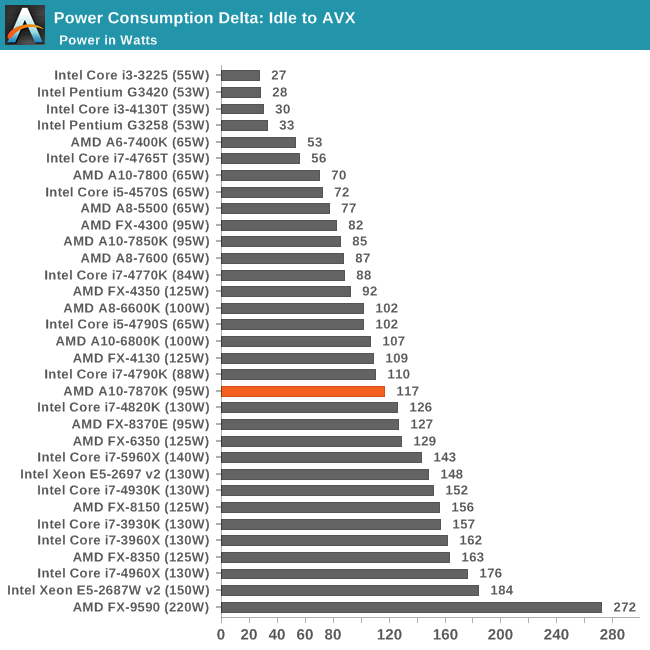 Power Consumption Delta: Idle to AVX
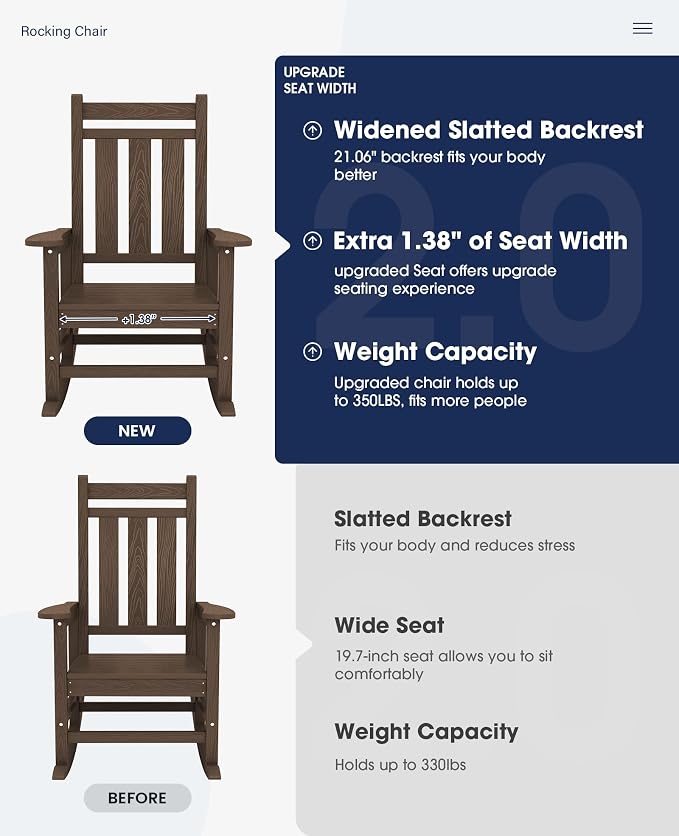 KINGYES Oversized Outdoor Rocking Chair Set of 2, All-Weather Patio Rocking - Image 3
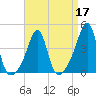 Pawtucket tide chart for Sunday, April 17, 2022
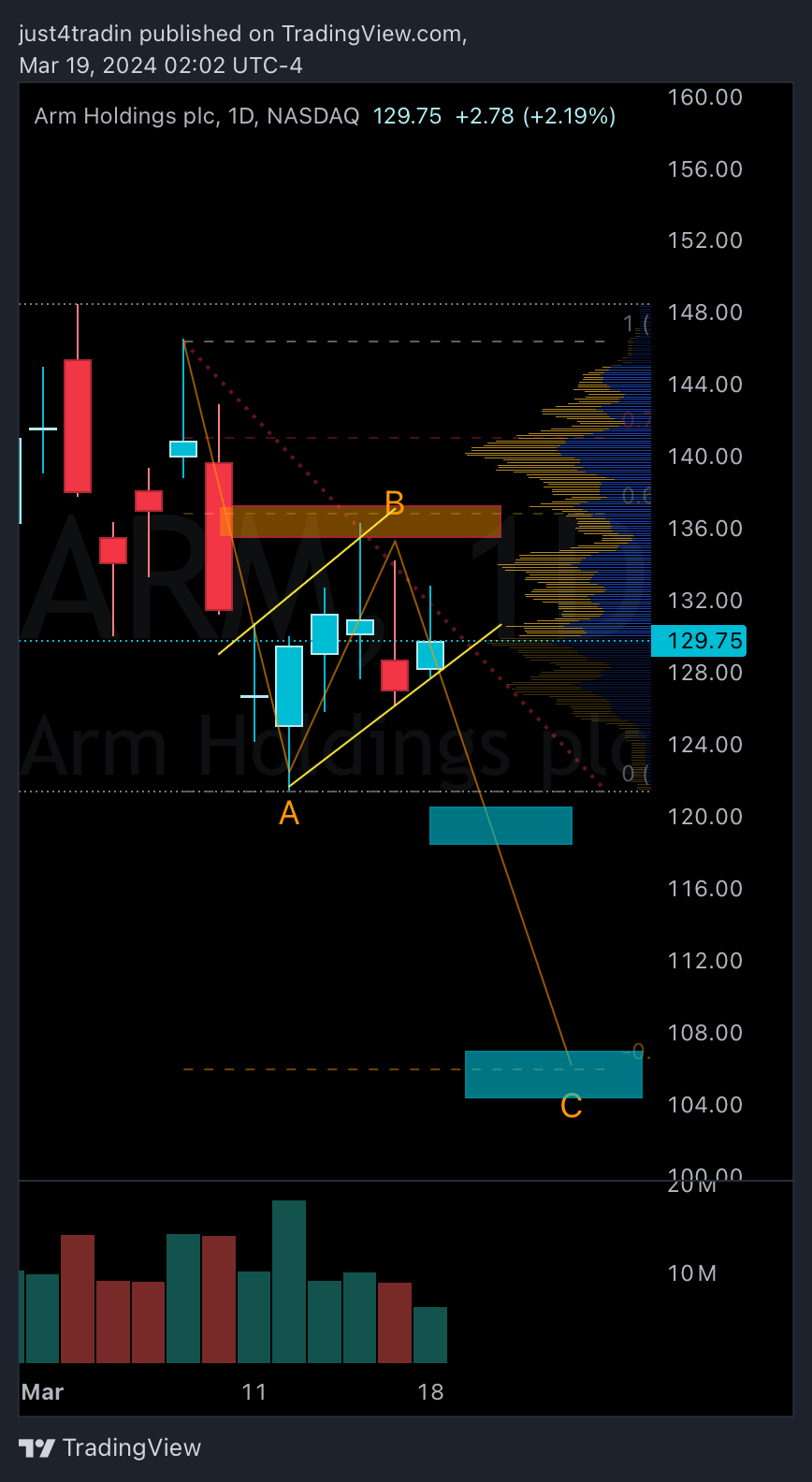 NASDAQ:ARM Chart Image by just4tradin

- **EXERCISE DIRECTIONS**
Output nothing but the lines from the one containing "Pawtucket tide chart" to the end of the listing, both ends included, reproduced exactly. Pictures stay out.

- **EXERCISE RESPONSE**
 Pawtucket tide chart for Sunday, April 17, 2022
 NASDAQ:ARM Chart Image by just4tradin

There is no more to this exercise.